Azzoni et al. found LUS in comparison with MRI was highly specific but not very sensitive. The images were similar, easily comparable, and often identical to the MRI results, although MRI was certainly more sensitive. The advantages of sonography are non-invasiveness, lower cost, availability, simplicity, rapidity of the examination, and its specificity. Indications for its use are lumbosacral skin abnormalities and neurological disorders caused by malformations [4]. Chern et al. found the sensitivity of LUS in comparison with MRI 76.9% in detecting low-lying tethered cord. The diagnostic value of SUS has been shown to be equal to MRI [5]. Rohrschneider et al. found that LUS exactly correlated with MRI in 32 of 38 cases. In five cases, LUS detected the main abnormality but MRI gave additional information. Wherever LUS is normal, MRI is also normal. LUS had a sensitivity of 100%. Therefore, LUS may be used as a primary screening tool, with MRI being performed in any case where LUS revealed abnormalities [6]. Dhingani et al. reported that 79.31% of cases showed full agreement between LUS and MRI examinations and 20.69% partial agreement. LUS can be used as the initial modality for evaluation of spinal dysraphism as well as for screening of suspected cases [7]. Hughes et al. reported 40% full agreement between LUS and MRI examinations, 47% partial agreement, 13% no agreement, and 90% agreement in low-lying cord location [2]. Kommana et al. concluded that ultrasound and MRI are adjuvant in the evaluation of spinal dysraphism. MRI is excellent in characterizing the soft tissue spinal anomalies of dysraphism, whereas ultrasound is an excellent initial imaging modality in infants for evaluation of dysraphism [8].

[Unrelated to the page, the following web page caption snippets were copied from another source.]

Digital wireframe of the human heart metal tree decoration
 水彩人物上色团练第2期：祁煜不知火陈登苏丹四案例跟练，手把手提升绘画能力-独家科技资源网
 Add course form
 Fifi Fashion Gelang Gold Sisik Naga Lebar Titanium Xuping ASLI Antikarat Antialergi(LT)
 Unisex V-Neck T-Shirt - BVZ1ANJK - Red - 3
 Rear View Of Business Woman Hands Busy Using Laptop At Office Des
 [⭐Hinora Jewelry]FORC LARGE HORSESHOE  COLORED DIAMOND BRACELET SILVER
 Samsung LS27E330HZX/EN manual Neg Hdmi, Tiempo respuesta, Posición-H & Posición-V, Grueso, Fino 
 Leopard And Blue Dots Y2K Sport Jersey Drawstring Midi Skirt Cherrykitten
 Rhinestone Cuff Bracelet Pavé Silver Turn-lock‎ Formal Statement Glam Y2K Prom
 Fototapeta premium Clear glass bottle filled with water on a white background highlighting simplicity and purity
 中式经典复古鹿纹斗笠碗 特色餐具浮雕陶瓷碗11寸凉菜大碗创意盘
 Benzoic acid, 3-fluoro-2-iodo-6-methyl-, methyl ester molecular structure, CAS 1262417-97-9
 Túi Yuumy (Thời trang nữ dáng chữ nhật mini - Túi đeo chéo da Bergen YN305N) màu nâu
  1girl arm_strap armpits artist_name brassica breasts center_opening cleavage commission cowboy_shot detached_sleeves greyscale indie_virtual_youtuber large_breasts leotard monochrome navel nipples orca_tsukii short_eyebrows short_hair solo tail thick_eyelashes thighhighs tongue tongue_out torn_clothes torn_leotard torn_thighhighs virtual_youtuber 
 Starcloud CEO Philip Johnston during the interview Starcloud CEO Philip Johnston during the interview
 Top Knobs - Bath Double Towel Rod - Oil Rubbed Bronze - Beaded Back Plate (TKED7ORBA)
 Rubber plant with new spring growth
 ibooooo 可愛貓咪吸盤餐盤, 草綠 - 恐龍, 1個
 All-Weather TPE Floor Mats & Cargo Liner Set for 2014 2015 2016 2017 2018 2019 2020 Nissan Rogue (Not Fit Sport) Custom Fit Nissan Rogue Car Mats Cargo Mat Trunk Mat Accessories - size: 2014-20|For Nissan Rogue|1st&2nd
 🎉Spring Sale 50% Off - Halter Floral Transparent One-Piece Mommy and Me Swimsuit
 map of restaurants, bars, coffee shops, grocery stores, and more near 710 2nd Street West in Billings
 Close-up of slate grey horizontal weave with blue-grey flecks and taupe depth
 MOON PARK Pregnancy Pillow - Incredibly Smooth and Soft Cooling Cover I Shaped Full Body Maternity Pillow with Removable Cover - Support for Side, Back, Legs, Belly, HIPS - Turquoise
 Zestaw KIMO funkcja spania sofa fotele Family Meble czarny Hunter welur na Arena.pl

Ultrasound is used in this study not only as a preoperative screening but also as an intraoperative screening for adequacy of surgical exposure, confirming preoperative diagnosis and detection of the relationship between the tethered cord and the surrounding tissue through echogenicity differentiation between the spinal cord and other tissues (plane of demarcation). Also, ultrasound was used on the postoperative follow-up evaluation of untethering and repair by detecting cord regression and postoperative presence of any lesion. Gerscovich et al. concluded that in patients who have a spinal defect or interlaminar space allowing visualization of the lumbosacral spinal canal, ultrasound can provide similar information to that obtained with magnetic resonance imaging with no need for sedation and at a low cost. Ultrasound seems more sensitive than magnetic resonance imaging in the detection of cord adhesions, which is particularly relevant in the diagnosis of tethering [9].

In this study, in post-operative follow-up, three cases presented with wound healing problems (two cases with erythema on either side of the incision, in areas of tension, one case with subcutaneous collection). Two cases presented with CSF leak managed conservatively.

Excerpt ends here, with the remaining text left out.